## Dataset content
---

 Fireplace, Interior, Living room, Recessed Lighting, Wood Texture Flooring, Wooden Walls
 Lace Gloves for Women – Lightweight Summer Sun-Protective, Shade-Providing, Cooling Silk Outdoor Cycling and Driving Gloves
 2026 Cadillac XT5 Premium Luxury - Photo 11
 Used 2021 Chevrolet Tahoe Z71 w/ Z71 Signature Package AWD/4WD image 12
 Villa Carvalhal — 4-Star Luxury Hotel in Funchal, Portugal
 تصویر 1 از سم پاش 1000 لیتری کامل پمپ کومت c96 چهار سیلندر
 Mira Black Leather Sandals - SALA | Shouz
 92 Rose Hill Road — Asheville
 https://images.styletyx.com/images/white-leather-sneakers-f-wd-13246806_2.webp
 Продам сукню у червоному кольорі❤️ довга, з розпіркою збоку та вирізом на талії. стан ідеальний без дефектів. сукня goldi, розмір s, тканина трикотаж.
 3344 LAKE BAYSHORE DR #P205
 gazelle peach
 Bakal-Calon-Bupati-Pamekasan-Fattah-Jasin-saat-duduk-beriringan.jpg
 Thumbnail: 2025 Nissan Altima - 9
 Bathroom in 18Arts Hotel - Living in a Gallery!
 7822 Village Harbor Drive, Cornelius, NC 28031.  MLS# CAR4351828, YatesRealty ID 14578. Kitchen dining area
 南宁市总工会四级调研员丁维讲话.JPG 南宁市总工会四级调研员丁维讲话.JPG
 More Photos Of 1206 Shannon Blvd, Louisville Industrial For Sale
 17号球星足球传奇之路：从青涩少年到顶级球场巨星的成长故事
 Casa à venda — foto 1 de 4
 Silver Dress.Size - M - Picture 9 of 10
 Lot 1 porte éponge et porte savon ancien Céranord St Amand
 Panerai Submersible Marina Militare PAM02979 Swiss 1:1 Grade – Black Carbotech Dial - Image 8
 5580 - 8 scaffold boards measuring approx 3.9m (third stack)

---

## Work item
Provide an exact transcript of the lines from the one that holds "More Photos Of" through the final line of the data above.

## Task answer
 More Photos Of 1206 Shannon Blvd, Louisville Industrial For Sale
 17号球星足球传奇之路：从青涩少年到顶级球场巨星的成长故事
 Casa à venda — foto 1 de 4
 Silver Dress.Size - M - Picture 9 of 10
 Lot 1 porte éponge et porte savon ancien Céranord St Amand
 Panerai Submersible Marina Militare PAM02979 Swiss 1:1 Grade – Black Carbotech Dial - Image 8
 5580 - 8 scaffold boards measuring approx 3.9m (third stack)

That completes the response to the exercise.